■ **YOUR ASSIGNMENT**:
Your output should be the lines below from the one with "ITGB5 / Integrin Beta 5 Antibody" through the one with "Patient Smile Before", copied exactly, pictures excluded.

■ **RECORDS FOR THIS EXERCISE**:
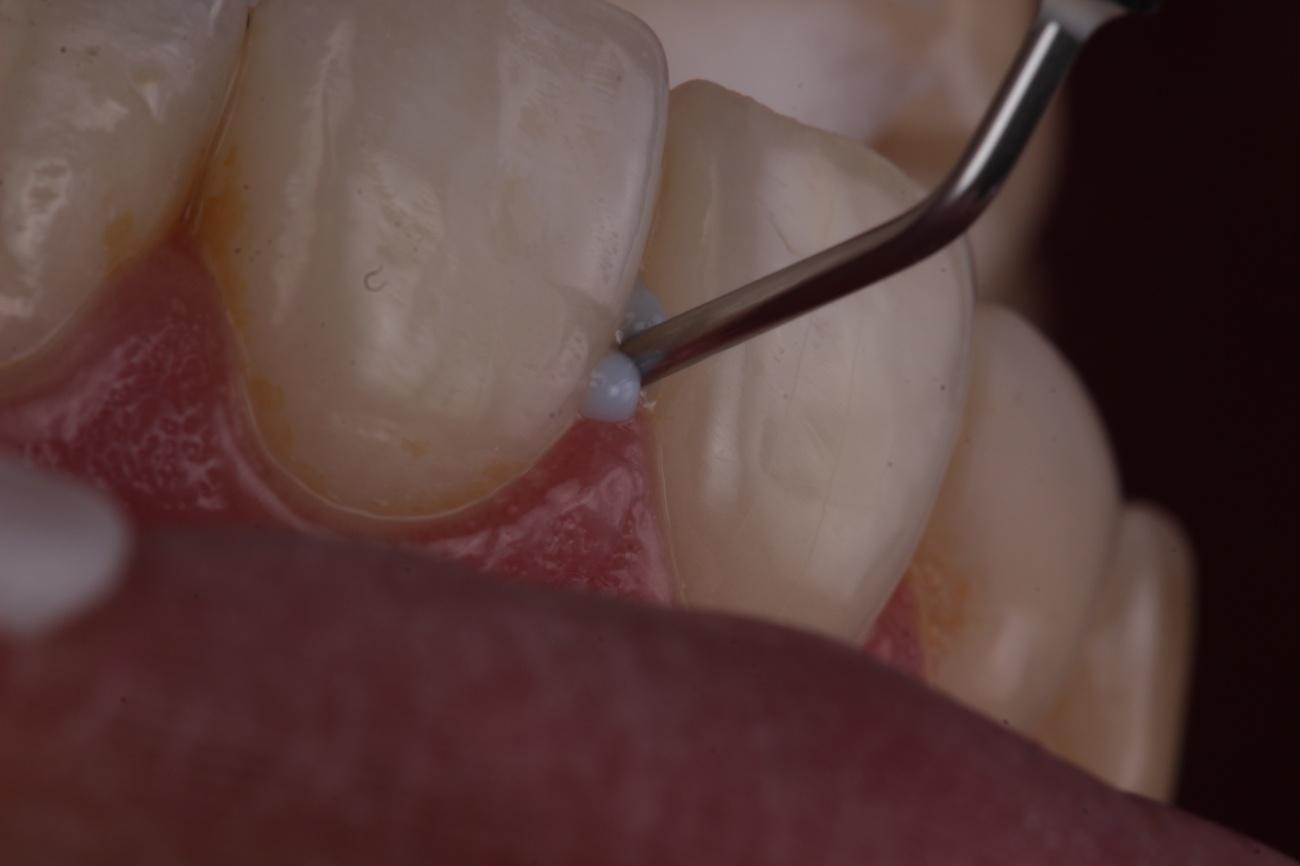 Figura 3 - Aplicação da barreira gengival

...

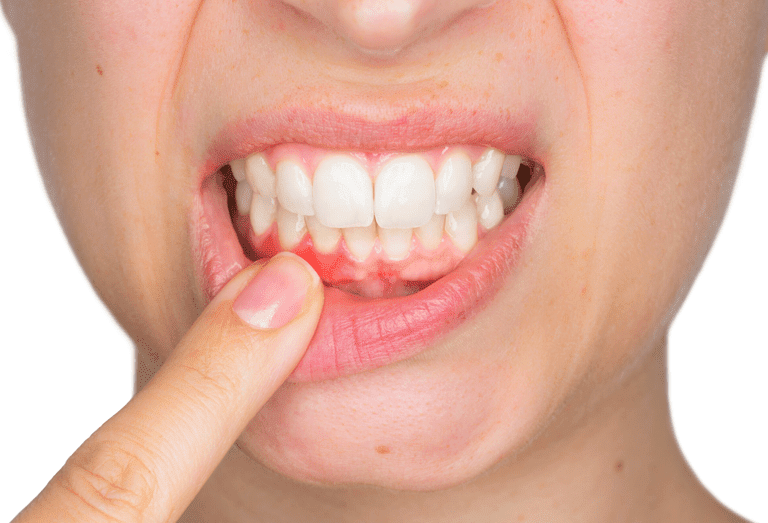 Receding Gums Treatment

==

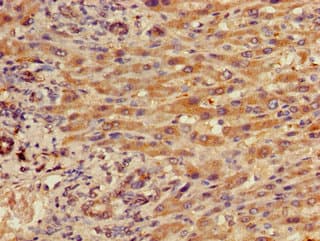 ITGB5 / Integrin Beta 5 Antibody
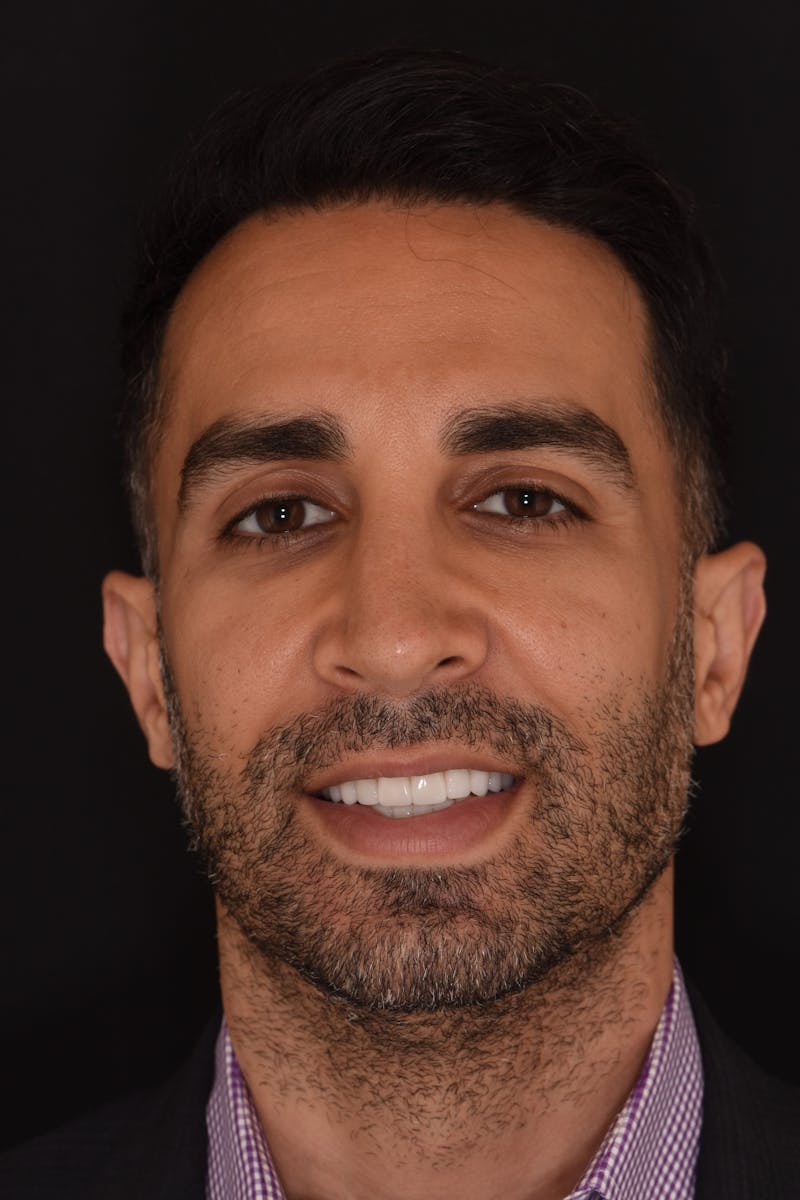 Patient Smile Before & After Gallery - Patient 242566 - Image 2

■ **WRITTEN RESPONSE**:
 ITGB5 / Integrin Beta 5 Antibody
 Patient Smile Before & After Gallery - Patient 242566 - Image 2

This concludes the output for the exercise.